Ричард Уайт. Он сидел на задней парте. Огромные уши, толстые губы — какие-то опухшие и уродливые. Чудовищно вытянутая голова. Его глаза были почти бесцветны. Они не отражали ни чувств, ни интеллекта. Длинные ноги и постоянно открытый рот. Когда он пытался говорить, слова вылетали из него неожиданно и с длинными паузами. Его нельзя было назвать даже маменькиным сынком. Никто никогда не разговаривал с ним. Создавалось впечатление, что при его создании упустили что-то очень важное. На нем была чистая одежда, но рубашка всегда топорщилась и на ней, и на брюках отсутствовали одна-две пуговицы. Ричард Уайт — неизвестно кто, неизвестно где живущий, каждый день ходил с нами в школу.

«Хлюп… хлюп… хлюп… хлюп…»

Ричард Уайт дрочил. Он салютовал неземным ногам и бедрам мисс Гридис. Бедный урод окончательно расслабился. Возможно, он вовсе не понимал, что называется, правил и норм общественной морали. И сейчас мы все слышали его. Мисс Гридис слышала. Слышали девчонки. Ну, естественно, все догадывались, чем он так шумно занят. Этот придурок был так туп, что у него не хватало элементарной смекалки притушить звук. Наоборот, он все больше и больше входил в раж. Хлюпы зачастили, а сжатый кулак стал долбить по обратной стороне парты.

«ХЛЮП — БУМ. ХЛЮП — БУМ…»

Мы смотрели на мисс Гридис. Что она будет делать? На мгновение провокаторша запнулась, затем окинула взглядом весь класс, выдала свою обычную дежурную улыбку и продолжила:

— Я уверена, что английский язык есть самая выразительная и заразительная форма общения. И мы должны осознавать, что владение великим языком — есть наш уникальный дар. Злоупотребляя им, мы оскорбляем самих себя. Так давайте же прислушиваться к нашему наследию, относиться к нему бережно, с любовью и на базе этого развивать наш язык, экспериментировать с ним…

«ХЛЮП — БУМ. ХЛЮП — БУМ…»

— Мы должны отойти от Англии и ее языковой культуры, на базе которой развивалась и наша культура. Потому что, несмотря на все ее богатство, красоту и изящность, наш собственный американский язык содержит в себе еще очень много глубоких неисследованных ресурсов, которые и до сих пор остаются невскрытыми. Но как раз эта ситуация и позволяет надеяться, что однажды у нас произойдет литературный взрыв…

«ХЛЮП — БУМ. ХЛЮП — БУМ…»

Да, Ричард Уайт был один из немногих, с которыми мы никогда не общались.
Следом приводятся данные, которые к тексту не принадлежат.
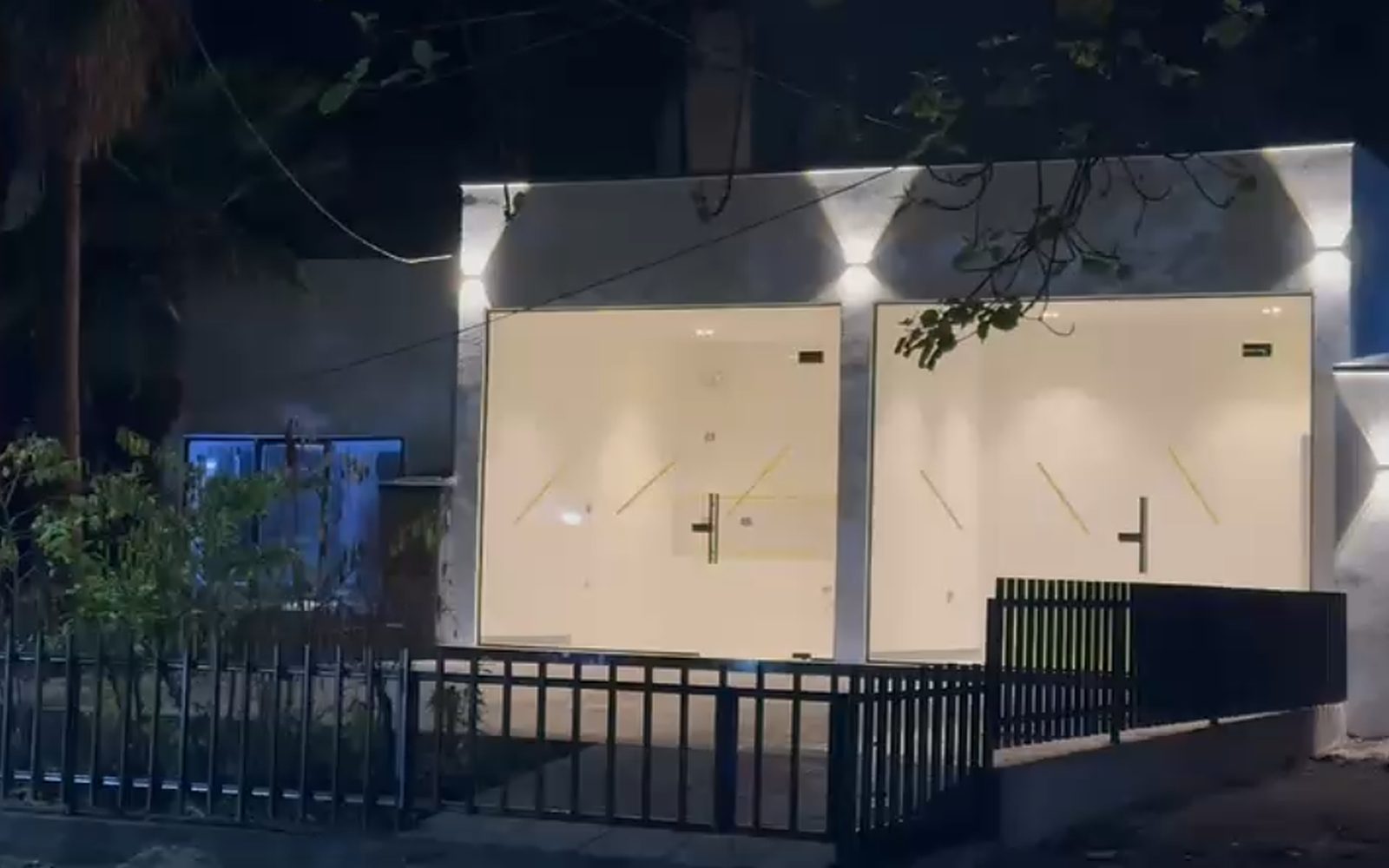 The yard at dusk: Cōlab Press on the left, Cōlab Table on the right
На самом деле, мы боялись его. Он не был из тех, кого можно было отмудохать и получить от этого удовлетворение. Нам просто хотелось держаться от него подальше, так далеко, чтобы даже не смотреть на него, чтобы не видеть этот не закрывающийся рот — пасть жабы, которой перешибли хребет. Мы избегали его, потому что Ричард Уайт был непобедим.